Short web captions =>
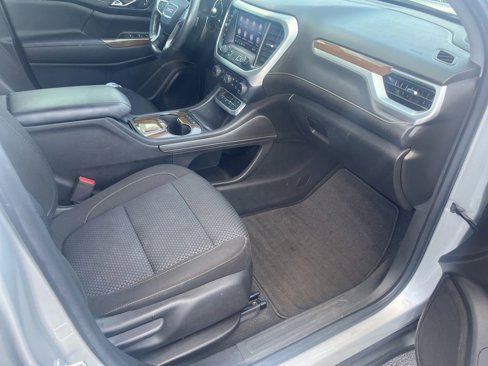 Used 2020 GMC Acadia SLE image 31
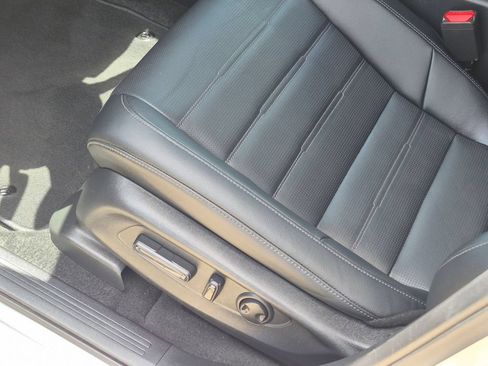 Used 2025 Honda CR-V EX-L image 15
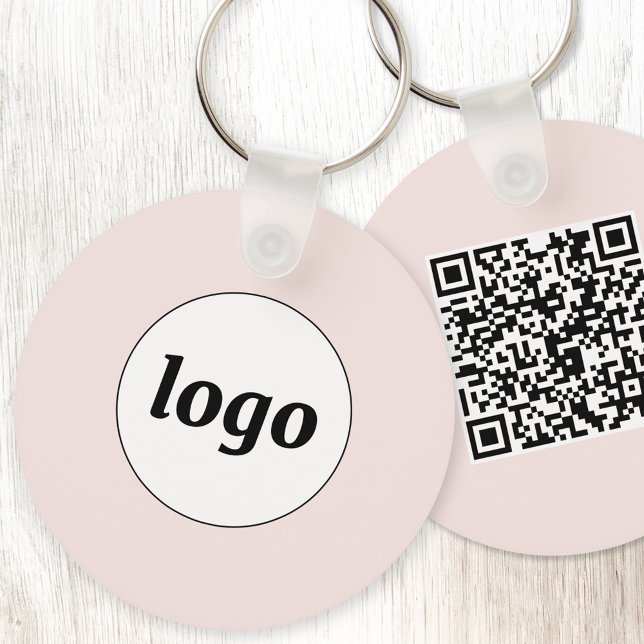 Chaveiro Código QR de Logo Simples Empresarial Rosa Bege (Simple logo with QR code business branding promotional blush pink keychain)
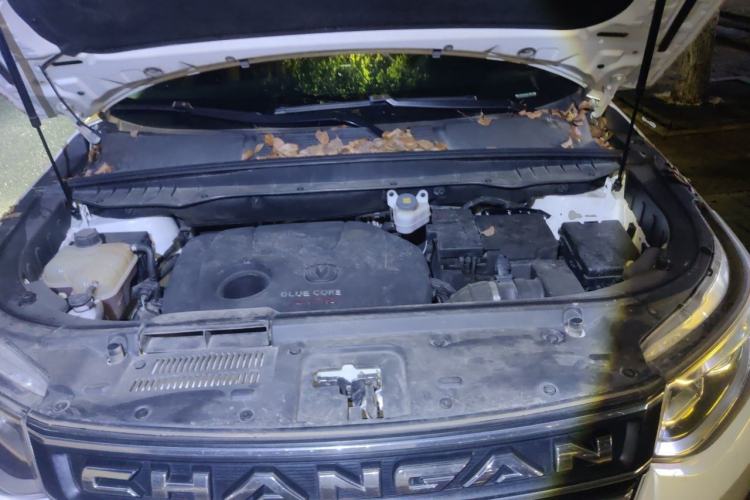 Used CHANGAN CS95 2017 2.0T Two-Wheel Drive Zhituo Edition Engine Bay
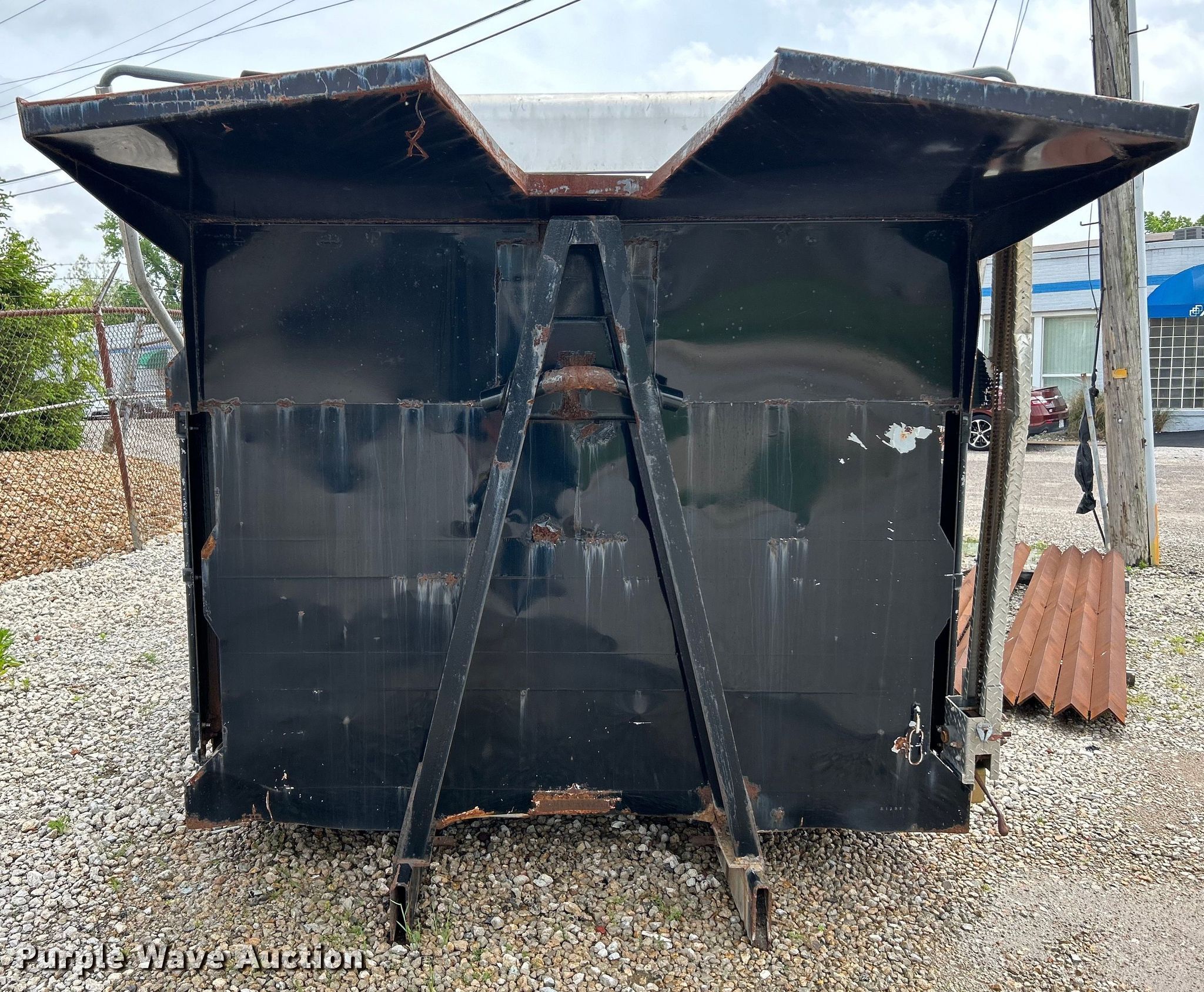 Hooklift dump bed in St. Louis, MO Item EK4566 for sale Purple Wave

TASK GOAL =>
Please retype the lines from the one that contains "Used 2025 Honda CR-V EX-L image 15" through the final line of the data, both included, without any pictures.

EXPECTED OUTPUT =>
 Used 2025 Honda CR-V EX-L image 15
 Chaveiro Código QR de Logo Simples Empresarial Rosa Bege (Simple logo with QR code business branding promotional blush pink keychain)
 Used CHANGAN CS95 2017 2.0T Two-Wheel Drive Zhituo Edition Engine Bay
 Hooklift dump bed in St. Louis, MO Item EK4566 for sale Purple Wave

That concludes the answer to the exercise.